Barham Lodge School

Barham Lodge-1

According to "A Short History of Weybridge"*, the school started by Dr.Thomas Spyers at Holstein House, Weybridge later moved to Barham Lodge. This didn't happen within the lifetime of Dr.Spyers or his brother William, but the connection comes through a gentleman named Thelwell Mather Pike.

Walton Urban District Council filed a building plan, dated July 1899, for an additional classroom at Barham Lodge for "Mr T Pike" (see here - opens in new window) but there is no indication that it proceeded beyond that stage.

The 1901 census shows him living at Barham Lodge, which is shown as being a boarding school and he is recorded as "Schoolmaster" and "Employer". There are eight boys as "Boarders" - there may have been day pupils as well - and two other schoolmasters who are listed as "Assistant".

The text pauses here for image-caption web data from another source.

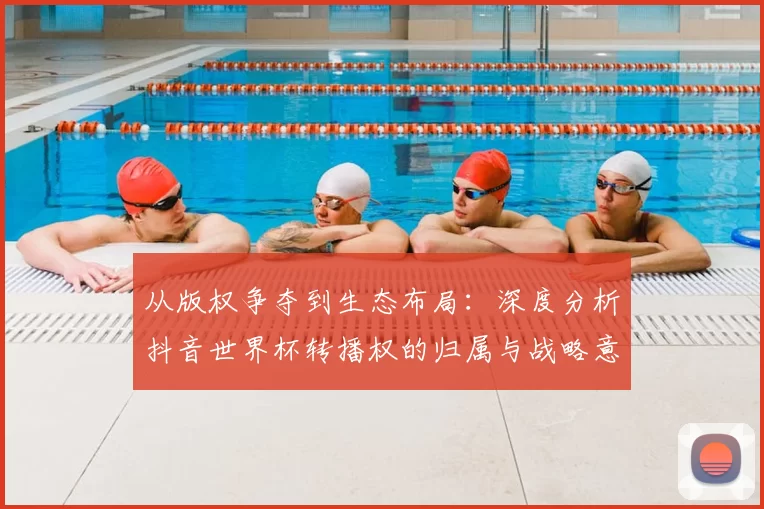 从版权争夺到生态布局：深度分析抖音世界杯转播权的归属与战略意义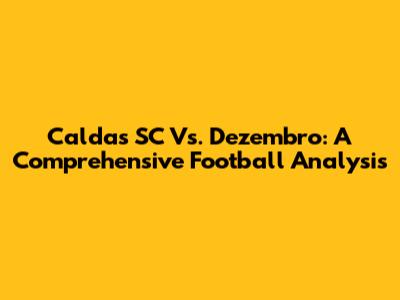 Caldas SC Vs. Dezembro: A Comprehensive Football Analysis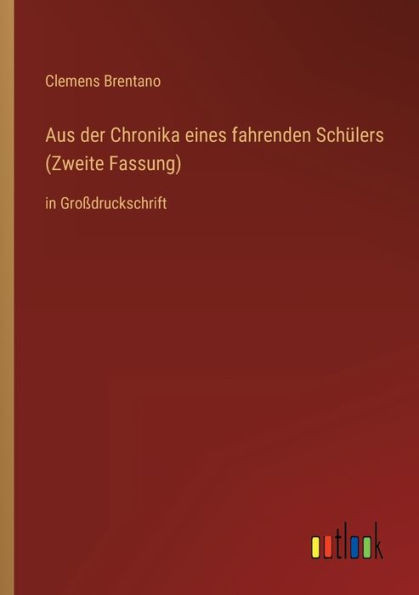 Aus Der Chronika Eines Fahrenden Schülers (Zweite Fassung): In Großdruckschrift (German Edition)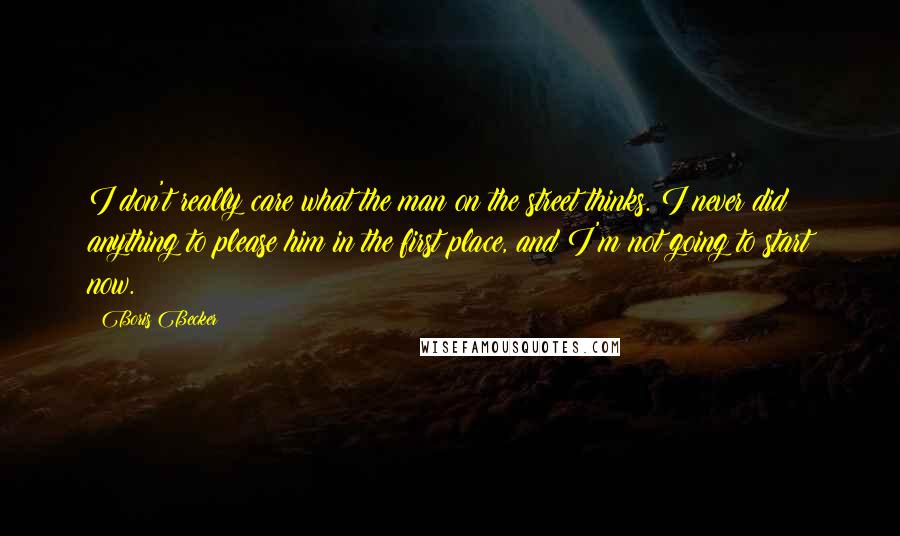Boris Becker Quotes: I don't really care what the man on the street thinks. I never did anything to please him in the first place, and I'm not going to start now.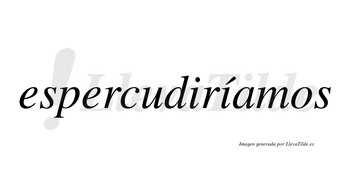 Espercudiríamos  lleva tilde con vocal tónica en la segunda «i»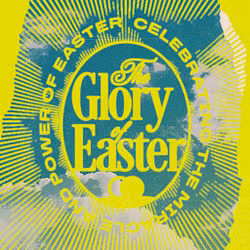 Glory of Easter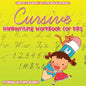 Cursive Handwriting Workbook for Kids: Children's Reading & Writing Education B - Paperback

What is not certain, from the limeted number of documents we have looked at so far, is that Barham Lodge represented a relocation of Dr.Spyers' school as has been written elsewhere. Mr Pike was still shown at Holstein House in 1900  but he was obviously intending to start a new venture at Oatlands and seems to have purchased the property in the previous year. The school is shown in the 1905 Kelly's Directory as "Weybridge School" with Thelwell Pike as Headmaster but there is no solid information after that date to add to the facts.

Barham Lodge - 1901 Census

Barham Lodge - 1901 Census - Crown copyright

The 1911 census shows Mrs Wood as being resident and Barham Lodge being a private house once again. Mrs Wood seems to have acquired the property in about 1908 as she is listed as occupier in the Weybridge UDC Rate Book for that year, so it would appear that the school didn'r run for very long. In Following her death in South Africa in 1913 Florence Wood's son (later to become Captain Wood - an Army title, although he had also captained the local cricket team) offered the building and its grounds to the to the War Office in 1915 for use as an auxiliary hospital and you can read more about that here. (opens in a new window)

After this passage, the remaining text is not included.